Last week I referenced pausing and noticing.  It’s not easy, but when you feel yourself start to worry, try to breathe and notice.  What did you feel?  Did your neck tense up?  Did your breathing slow or stop?  What threats did you identify in your brain and were they happening right now? (This is a rhetorical question–the answer is No.)  

If you’re very practiced, you may be able to just sit with that worry and anxiety until it passes.  I’m still aspiring toward that myself!  A stopgap solution, which can cover a very long-lasting gap, is to conjure a positive voice to combat the negative one, or even just redirect.

For example:  My inner critic is especially chatty first thing in the morning.  I’ll be showering or puttering around the kitchen or in the back yard with my dog and he says, “Why are you wasting time, you need to get to work!  You don’t have time to do yoga or go for a longer walk.  Why didn’t you get more done yesterday.”  And then he’ll transition to the future and its threats, his favorite topic–”You don’t have enough work for the rest of the year.  Forget about those travel plans.  What have you really accomplished so far this year?  When are going to create more offerings?  You can’t even inventory effectively what you’ve already done.  What if the economy crashes?? You’re done!”

Inner critics specialize in FEAR (False Evidence Appearing Real).  Keyword: False.

When I notice my inner critic taking off, I now, through practice, have developed the ability to think “Wait.”  Like the “wait” you say when you don’t understand a concept, or are incredulous about what a friend said is happening.  As in, “Wait, Y2K was 25 years ago??  That was the year of Bush vs. Gore?  But I remember that election.”   Stops you in your tracks, right?

And once you’ve waited, once you’ve paused, your inner champion has an opening.  “Okay okay, we don’t have to worry about all those things right now, we can’t solve them right away.  Let’s just take a deep breath and get to your desk, and take one thing at a time.  The sun is shining, it’s warmer than yesterday, there’s no immediate crisis.  You can do this.”

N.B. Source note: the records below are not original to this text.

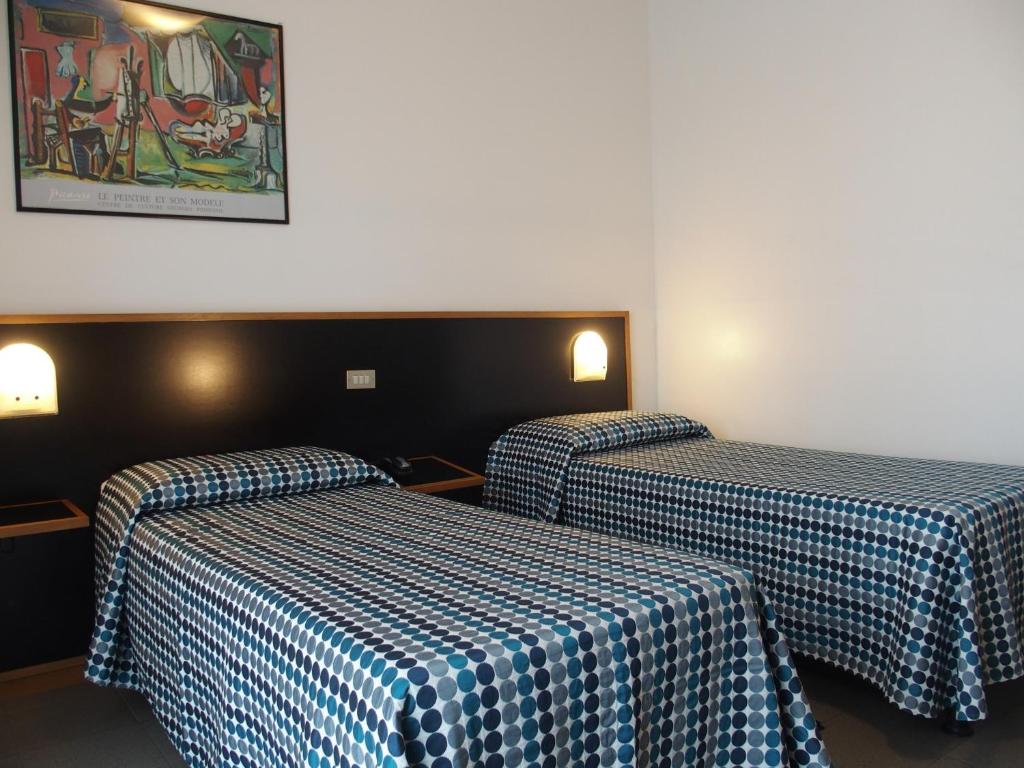 Postel nebo postele na pokoji v ubytování Hotel Eden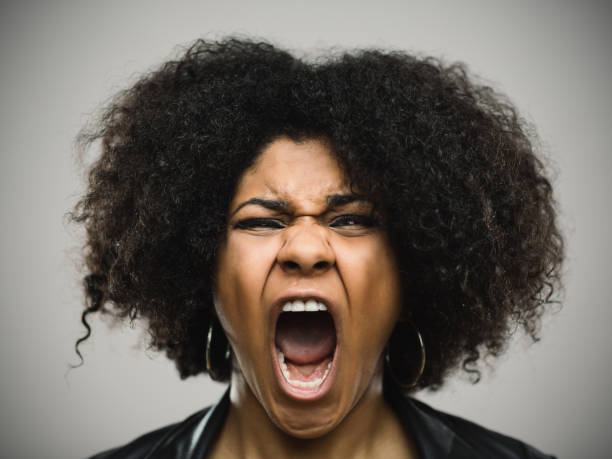 Close-up portrait of a shocked real young afro american woman Close-up portrait of shocked real young afro american woman screaming. Amazed female against gray background. Horizontal studio photography from a DSLR camera. Sharp focus on eyes. black woman screaming angry stock pictures, royalty-free photos & images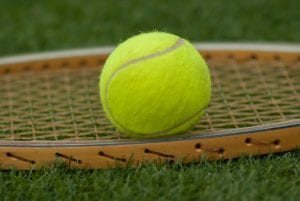 Tennis ball on racket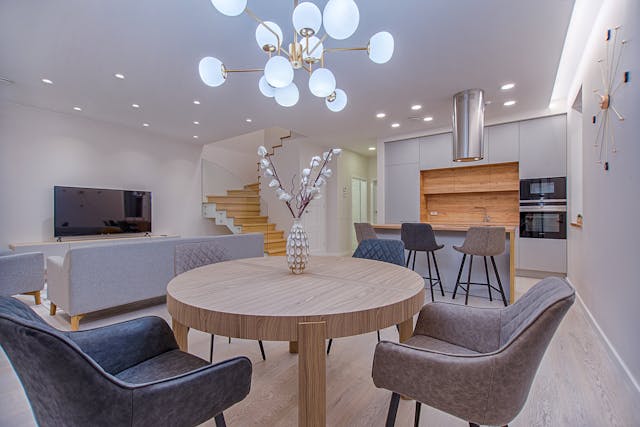 an open concept living space with blue and light wood tones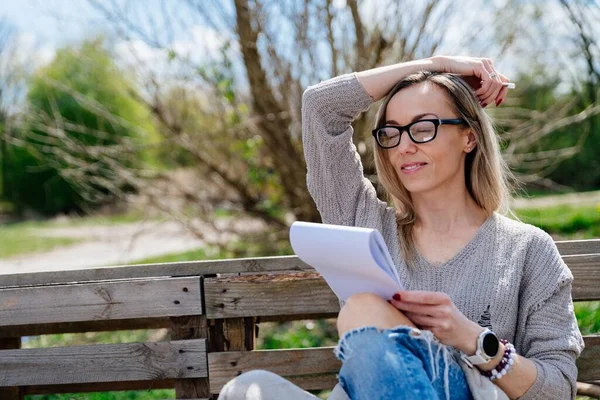 Pensiv kvinnlig konstnär med skissbok avkopplande utomhus tänker på kreativitet. — Stockfoto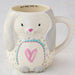 A white ceramic mug adorned with a playful bunny illustration, ideal for coffee or tea lovers.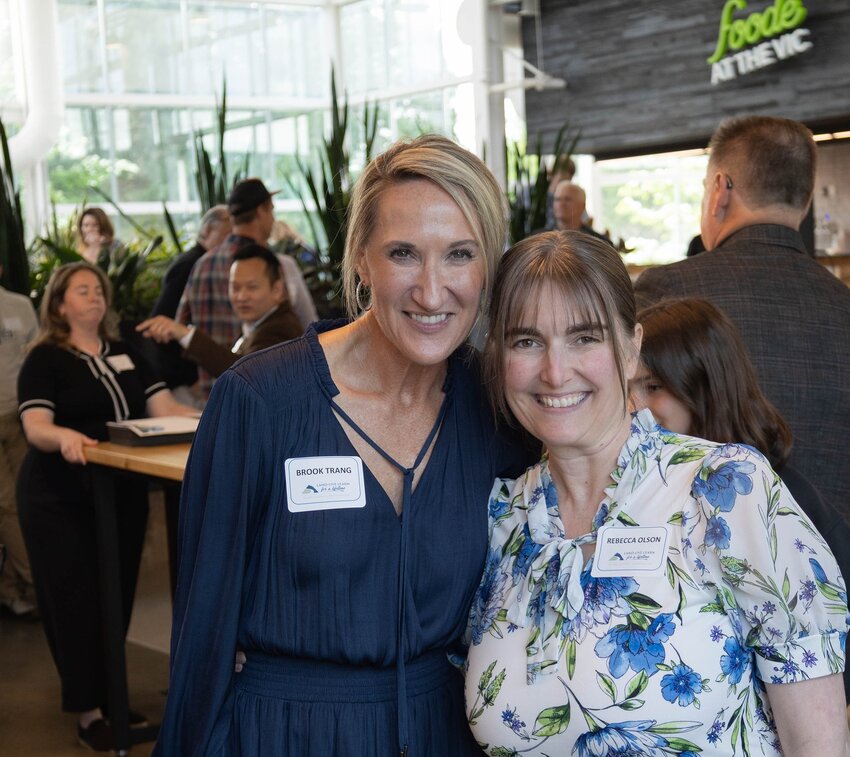 Brook Trang, left, executive director of Read Northwest, and Daybreak Middle School counselor Rebecca Olson received Learn Here Hero Awards from Identity Clark County.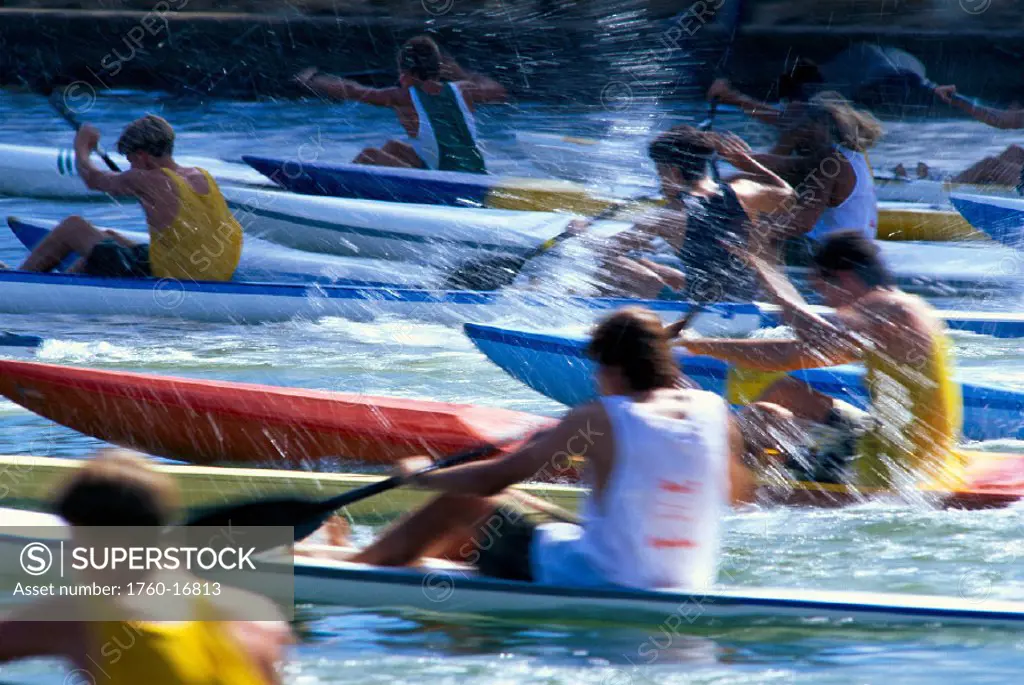 Young men in kayak race, start of race, blurred action B1226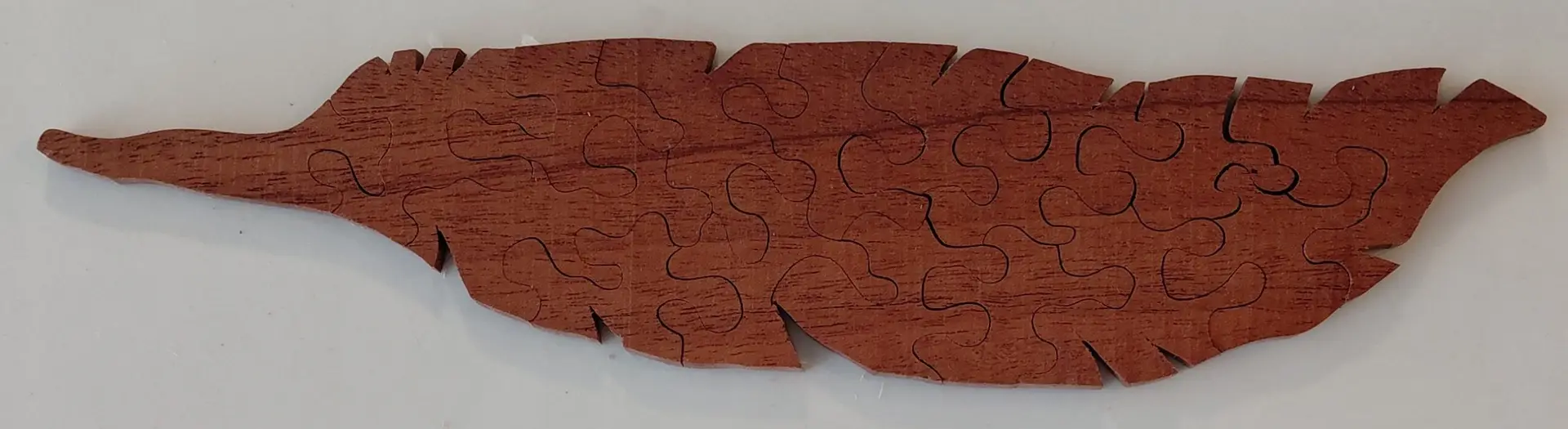 hand crafted wooden jigsaw puzzle feather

You don’t have to be perfect.  You have the tools to encourage yourself.  And if you’re finding it hard to slowly cultivate that inner champion voice–reach out to some of the champions in your life.  Reconnect with old friends or mentors.  There are people who know how great you are, even when, especially when, you can’t see your greatness yourself.

We need you!

What’s one thing your inner champion can say that’s great about you?

The horizon is here, now.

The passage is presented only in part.